Неподалеку находился Брук с его тихими, безукоризненно чистыми улицами, замёрзшими речушками, тротуарами из жёлтого кирпича и яркими деревянными домами. Это была деревня, где царили чистота и порядок, но жители, казалось, либо спали, либо умерли. На посыпанных песком дорожках, где причудливыми узорами лежали камешки и ракушки, не осталось ни единого следа. Ставни на всех окнах были плотно закрыты, как будто воздух и солнечный свет были отравлены, а массивные парадные двери открывались только по случаю свадьбы, крестин или похорон. Безмятежные клубы табачного дыма проплывали по укромным уголкам, а дети, которые в противном случае могли бы разбудить это место, занимались в укромных уголках или катались на коньках по соседнему каналу.

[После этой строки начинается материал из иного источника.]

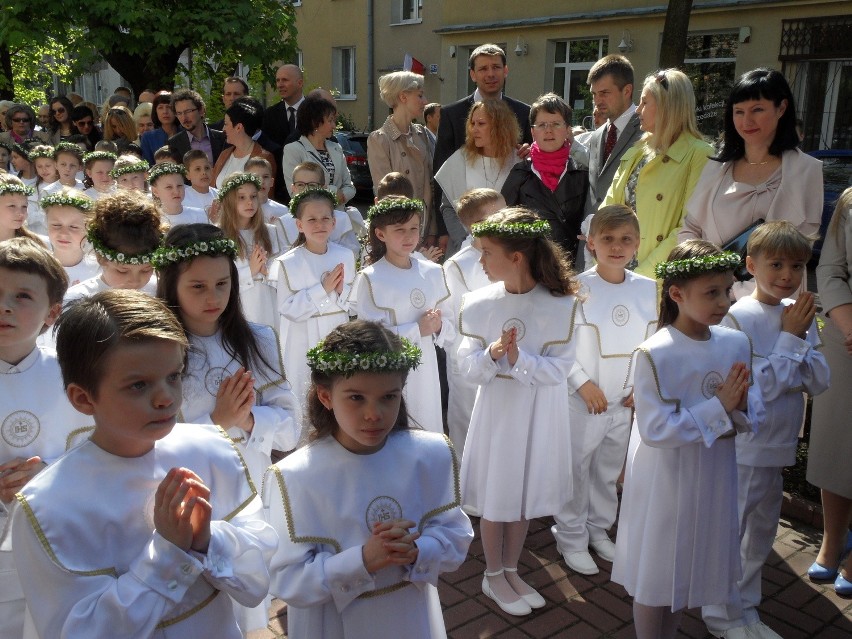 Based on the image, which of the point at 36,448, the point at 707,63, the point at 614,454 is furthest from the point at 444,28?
the point at 36,448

В садах обитало несколько павлинов и волков, но им никогда бы и в голову не пришло вообразить себя паывлинами и волками из плоти и крови и насладиться жизнью вьяве. Они были сделаны из переплетённых самшитовых изгородей и, казалось, охраняли территорию с какой-то зелёной, дикой свирепостью. Некоторые забавные автоматы – утки, женщины и спортсмены – были спрятаны в летних домиках в ожидании весны, когда их можно будет завести и посоревноваться в подвижности со своими владельцами; а сверкающие черепичные крыши, выложенные мозаикой внутренние дворики и отполированная отделка домов воздавали безмолвное почтение небу, на котором никогда не оседало ни пылинки. Ганс взглянул в сторону деревни, и покачивая серебряными коньками, задумался, правда ли, что некоторые жители Брука были настолько богаты, что пользовались кухонной утварью из чистого золота, как он часто слышал у себя на кухне. Он видел на рынке сладкие сыры Мевроу ван Ступ и знал, что эта благородная дама заработала на их продаже горы серебряных гульденов. Но ставила ли она сливки для взбивания в золотые сосуды? Использовала ли она золотую шумовку? Когда её коровы были на зимних пастбищах, у них действительно были подвязаны хвосты позолоченными ленточками?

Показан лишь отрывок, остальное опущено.